Your assignment
From the material below, return exactly the lines starting at the one that holds "Used Mercedes-Benz SL" and ending at the one that holds "Ixchel Anaid online show from 16, 10, 2025". Pictures stay out of the answer.

*** Data shown Section Begins ***

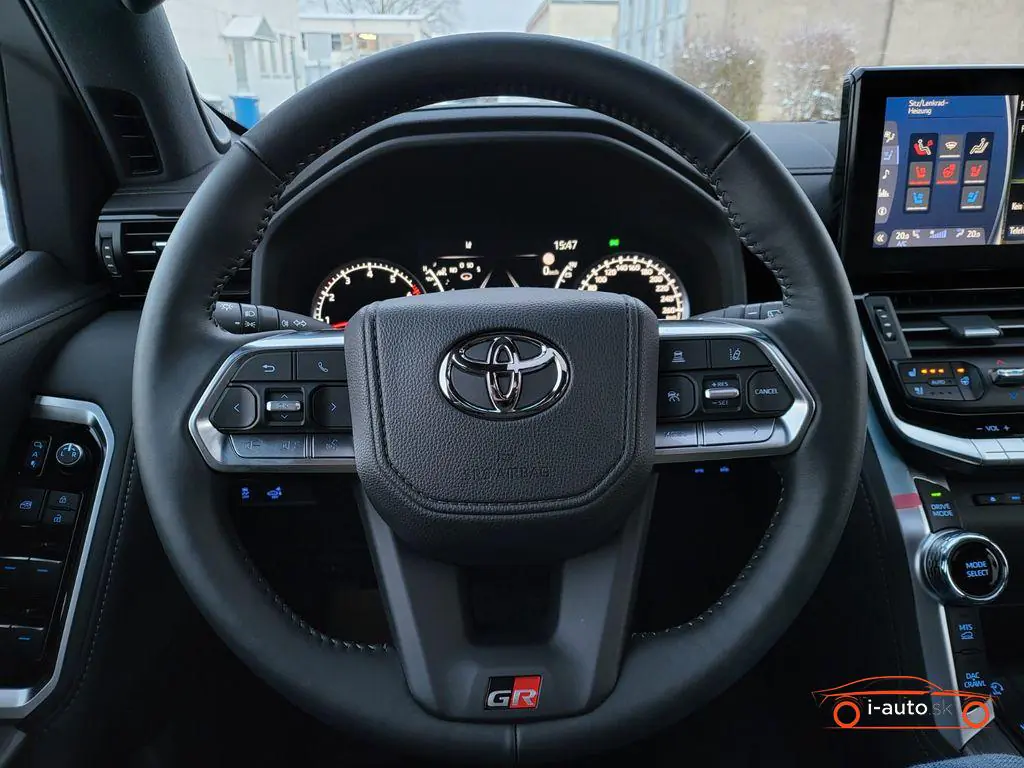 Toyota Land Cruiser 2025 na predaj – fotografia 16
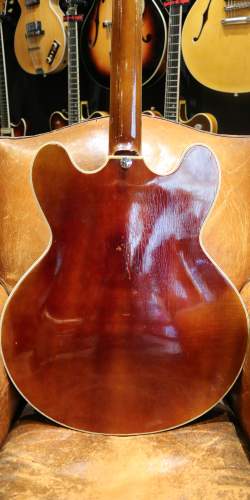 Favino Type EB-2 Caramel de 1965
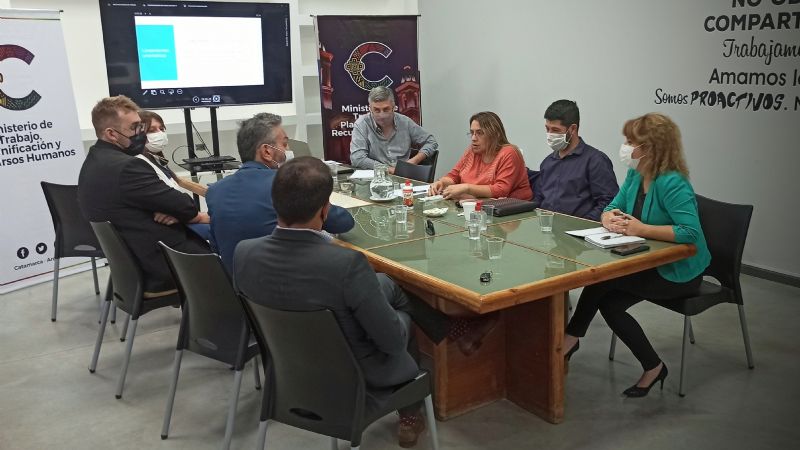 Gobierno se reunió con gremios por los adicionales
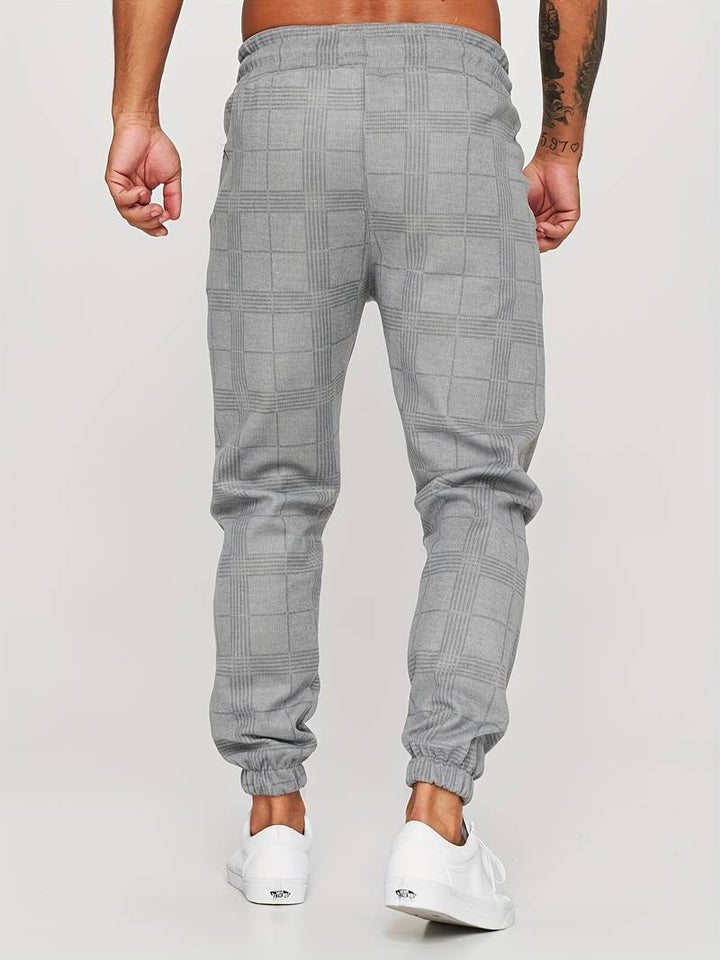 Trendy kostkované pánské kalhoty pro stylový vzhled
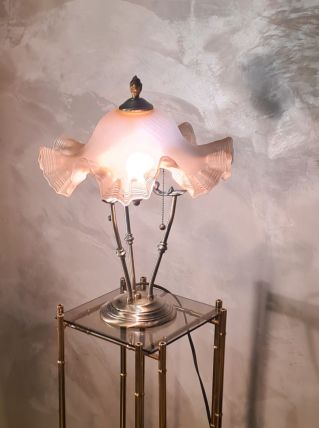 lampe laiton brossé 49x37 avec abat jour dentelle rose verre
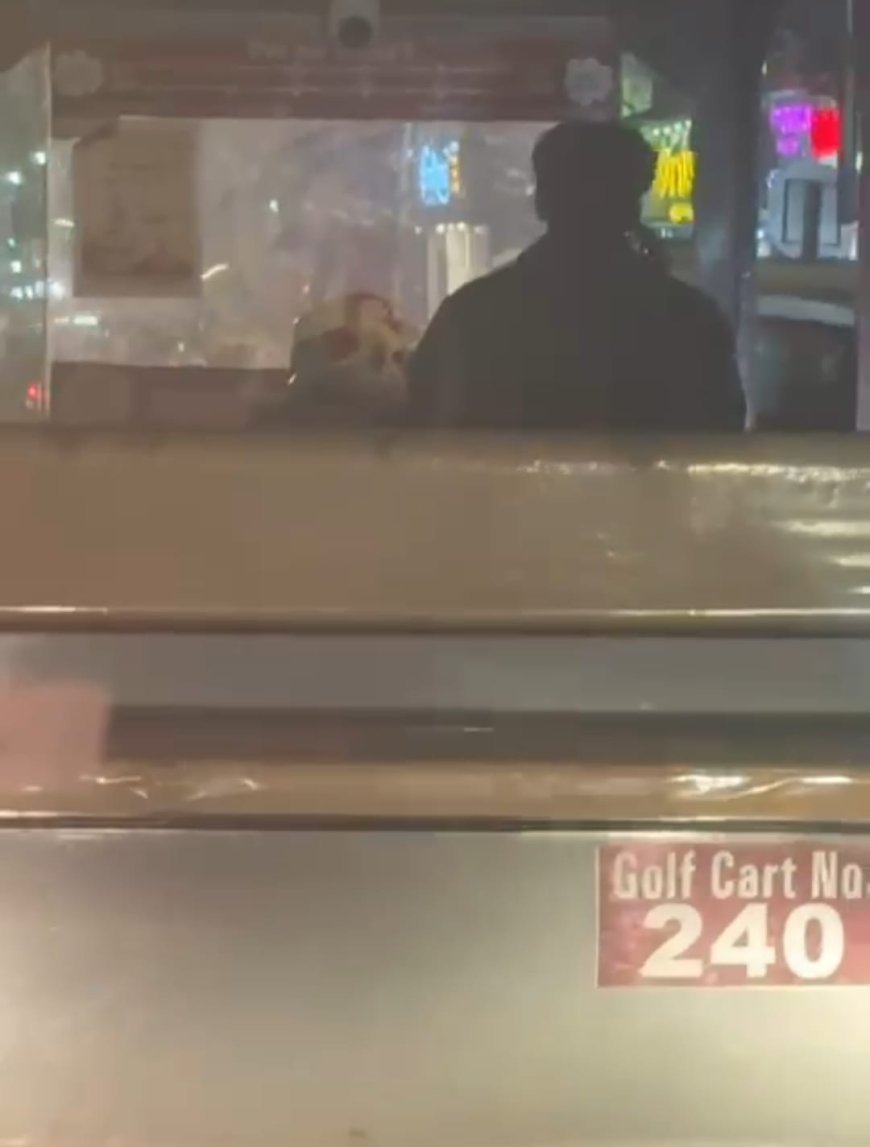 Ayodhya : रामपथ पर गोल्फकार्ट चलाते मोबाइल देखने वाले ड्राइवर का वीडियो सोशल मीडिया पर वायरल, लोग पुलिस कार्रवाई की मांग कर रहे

*** Data shown Section Ends ***
*** Data shown Section Begins ***

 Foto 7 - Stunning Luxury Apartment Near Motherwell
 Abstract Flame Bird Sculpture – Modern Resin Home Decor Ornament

*** Data shown Section Ends ***
*** Data shown Section Begins ***

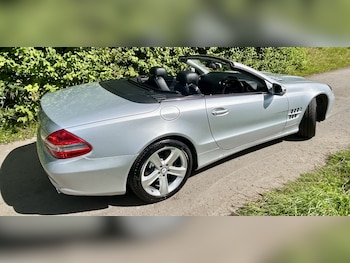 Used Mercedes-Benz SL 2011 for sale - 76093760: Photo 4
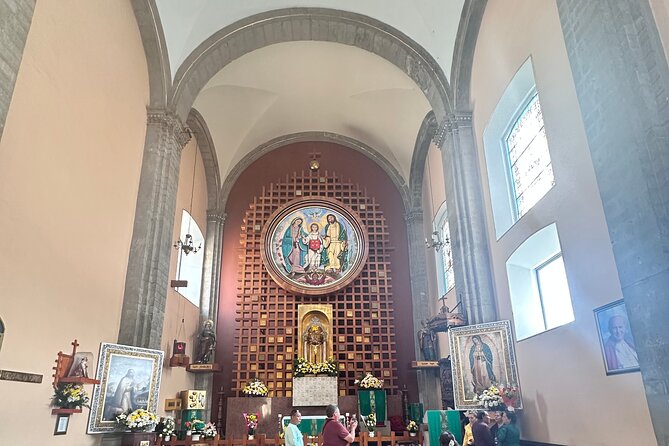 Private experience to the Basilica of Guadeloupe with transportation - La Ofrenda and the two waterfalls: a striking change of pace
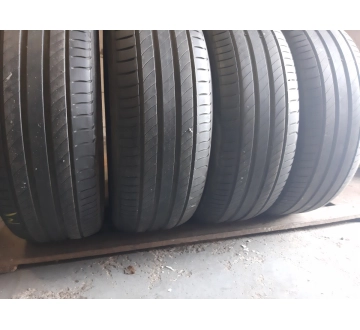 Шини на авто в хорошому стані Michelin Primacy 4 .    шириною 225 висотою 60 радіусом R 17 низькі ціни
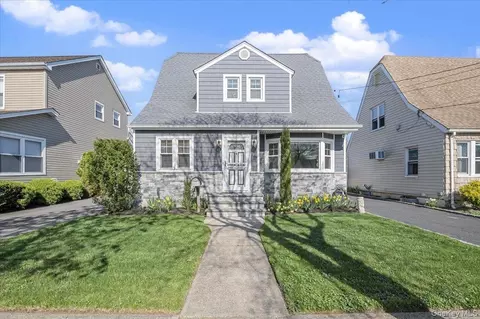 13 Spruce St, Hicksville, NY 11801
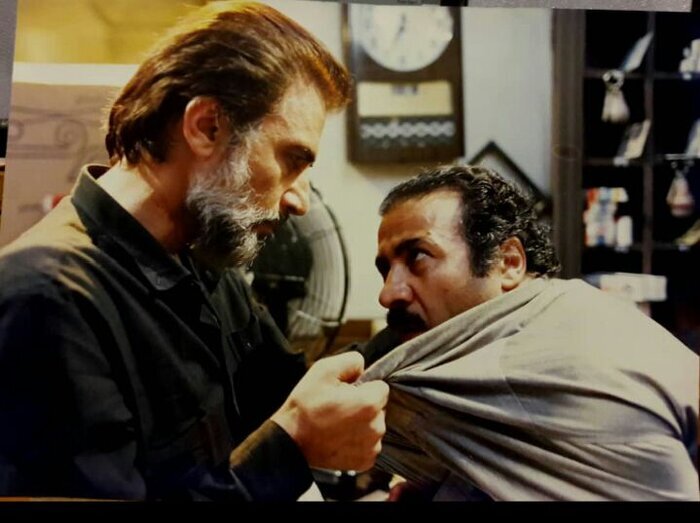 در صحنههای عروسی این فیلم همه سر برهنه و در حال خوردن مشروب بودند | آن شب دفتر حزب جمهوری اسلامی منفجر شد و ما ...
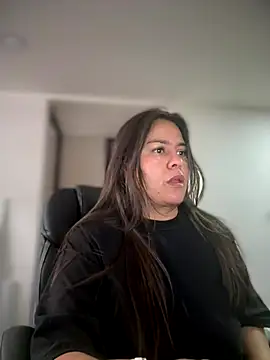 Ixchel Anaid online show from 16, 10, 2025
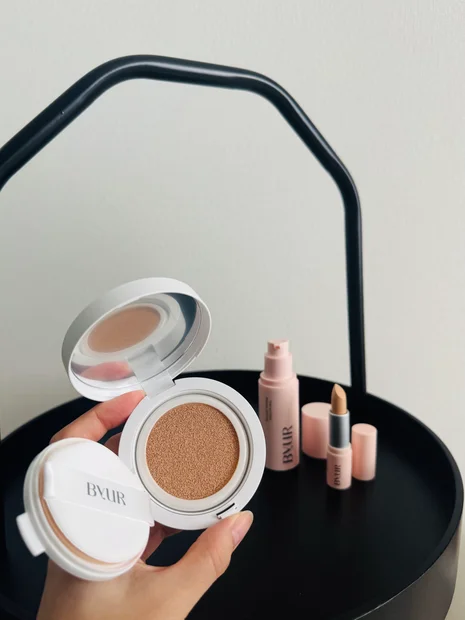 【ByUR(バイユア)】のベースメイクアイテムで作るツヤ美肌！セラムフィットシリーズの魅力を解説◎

*** Data shown Section Ends ***

Response to this exercise
 Used Mercedes-Benz SL 2011 for sale - 76093760: Photo 4
 Private experience to the Basilica of Guadeloupe with transportation - La Ofrenda and the two waterfalls: a striking change of pace
 Шини на авто в хорошому стані Michelin Primacy 4 .    шириною 225 висотою 60 радіусом R 17 низькі ціни
 13 Spruce St, Hicksville, NY 11801
 در صحنههای عروسی این فیلم همه سر برهنه و در حال خوردن مشروب بودند | آن شب دفتر حزب جمهوری اسلامی منفجر شد و ما ...
 Ixchel Anaid online show from 16, 10, 2025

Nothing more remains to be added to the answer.